San Diego, CA, March 07, 2014 -- Networks are not what they were ten or even five years ago. As networks change, so do the ways in which they can be studied. Engineers at UC San Diego and around the world are beginning to applying rigorous scientific methods to a range of new and emerging networks – including the networks of people who use the Internet.
The headline-grabbing, UC San Diego-led study “Detecting Emotional Contagion in Massive Social Networks” from March 2014 serves as an example. The two electrical engineers from UC San Diego who participated in the study—first-author and Ph.D. candidate Lorenzo Coviello and professor Massimo Franceschetti work at the cutting edge of a new engineering subfield called “network science.”
|Ph.D. student Lorenzo Coviello (left) and professor Massimo Franceschetti (right) are from the Department of Electrical and Computer Engineering at the UC San Diego Jacobs School of Engineering.|
Coviello and Franceschetti recently sat down and offered a bit of context for this project, which is well summarized in the UC San Diego press release: “Facebook Feelings Are Contagious, Study Shows.”

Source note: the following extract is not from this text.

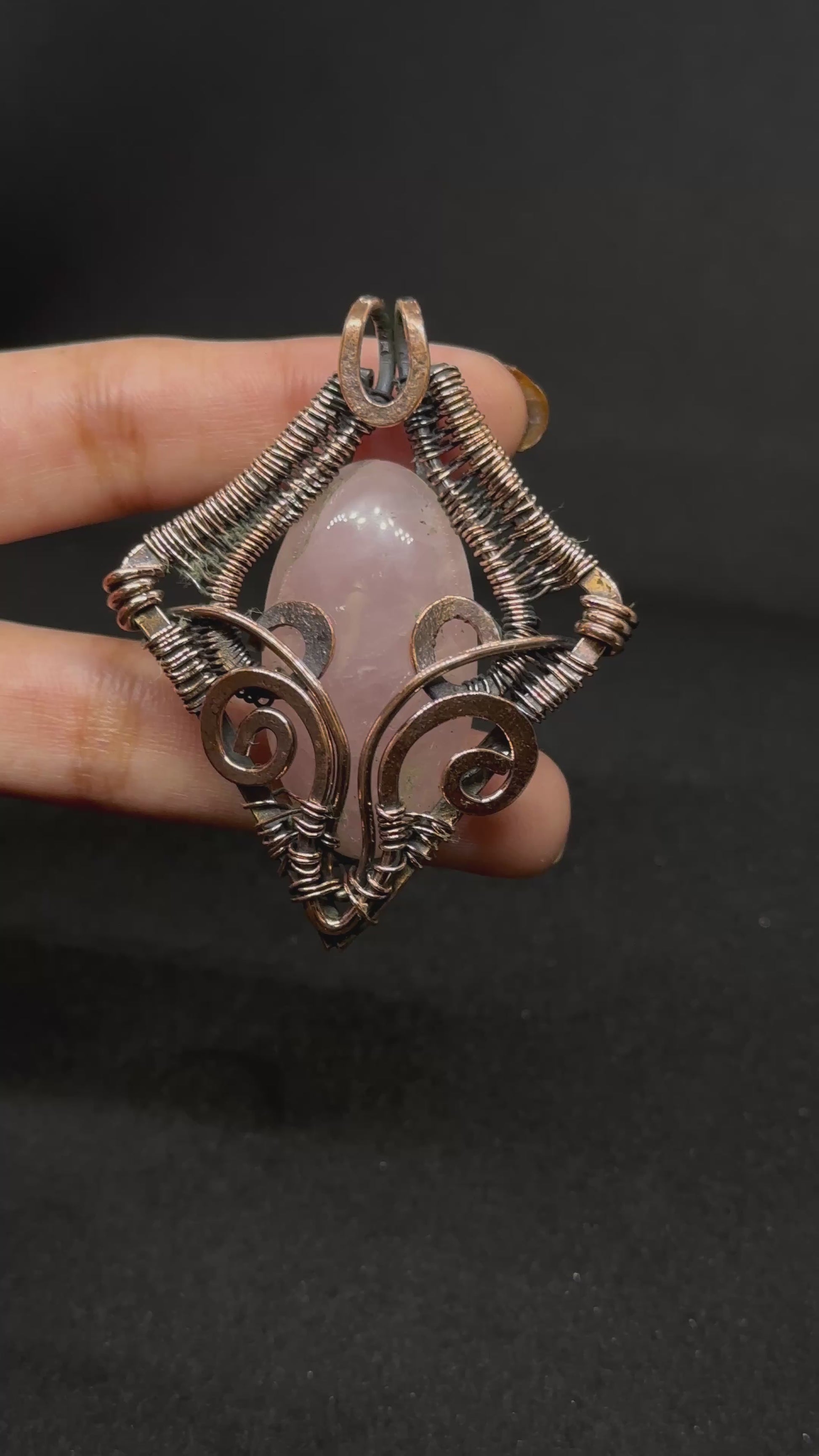 Light-Coded Stone of Love Handmade Rose Quartz Copper Pendant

The Networks of People Atop the Internet
Engineers have already worked out a lot of the issues related to how the Internet functions. Researchers have also uncovered many new questions and challenges that the Internet itself raises for network science.
But there are additional layers of information in online networks to study, including the networks of people who use the Internet. How do the people on top of the Internet interact? Scholars in engineering, mathematics and physics are all looking into these kinds of questions, using the tools of mathematical modeling, statistical analysis, data mining, network theory, network effects and more.
In the recent social contagion in massive social networks study, for example, researchers analyzed over a billion anonymized status updates among more than 100 million users of Facebook in the United States. Positive posts beget positive posts, the study found, and negative posts beget negative ones, with the positive posts being more influential, or more contagious.
To identify possible causal relationships in the massive data set, the researchers needed the find a mathematical model capable of representing the data. As a starting point, they looked to econometrics, a field that has used “instrumental variable regression” models to uncover causal relationships.
“Our goal was to provide a model to capture causative effects using observational data. This was the main problem we were facing at the beginning of the project,” said Coviello.
“Lorenzo Coviello developed a model based on an external variable that influences the emotions of people—rain,” said Franceschetti.
In this way, rain served as a type of scientific experiment.
“We cannot control weather, but if it’s a rainy day, it’s like we are running an experiment,” Coviello said.
Using this model, theresearchers analyzed the billion updates among more than 100 million users of Facebook in the 100 most populous U.S. cities between January 2009 and March 2012.
The researchers report that rainy weather reliably changes the tenor of posts, increasing the number of negative posts by 1.16 percent and depressing the number of positive by 1.19 percent.
The researchers used the rain-induced change on the emotional content posted by a user to estimate the spill-over effect on her friends who live in different cities and are not experiencing the same weather.
“Our study suggests that people are not just choosing other people like themselves to associate with but actually causing their friends’ emotional expressions to change,” said lead author James Fowler, professor of political science in the Division of Social Sciences and of medical genetics in the School of Medicine at UC San Diego. “We have enough power in this data set to show that emotional expressions spread online and also that positive expressions spread more than negative.” (Quotes are from the original press release.)
Causation vs. Correlation
While Coviello and Franceschetti played a key role in developing the models that teased causation out of the Facebook data set, these electrical engineers highlight the fact that they did not come up with the final solution to the correlation-vs-causation question. That question will be around for a long time. Instead, the model used in the recent study is the best one that the team could generate for this specific data set, given current technology.
“Maybe in two or three years we will have a better solution. But using the best technology today, this is our way to solve the problem,” said Franceschetti.
And in two or three years, likely even more people will be studying the nature and behavior of massive social networks. In addition to the possible implications for public policy and public well being, these are the networking questions that many of the undergraduates in Franeschetti’s classes want to study.
And as this discipline of network science further develops, researchers will have the tools to study more kinds of new networks is rigorous ways, which in turn, will open up even more possibilities for research collaborations between engineers and social scientists.
The research described in “Detecting Emotional Contagion in Massive Social Networks” was partially supported by Army Research Office Grant W911NF-11-1-0363, and grants from the National Institute for General Medical Sciences (P-41 GM103504-03) and the Pioneer Portfolio of the Robert Wood Johnson Foundation.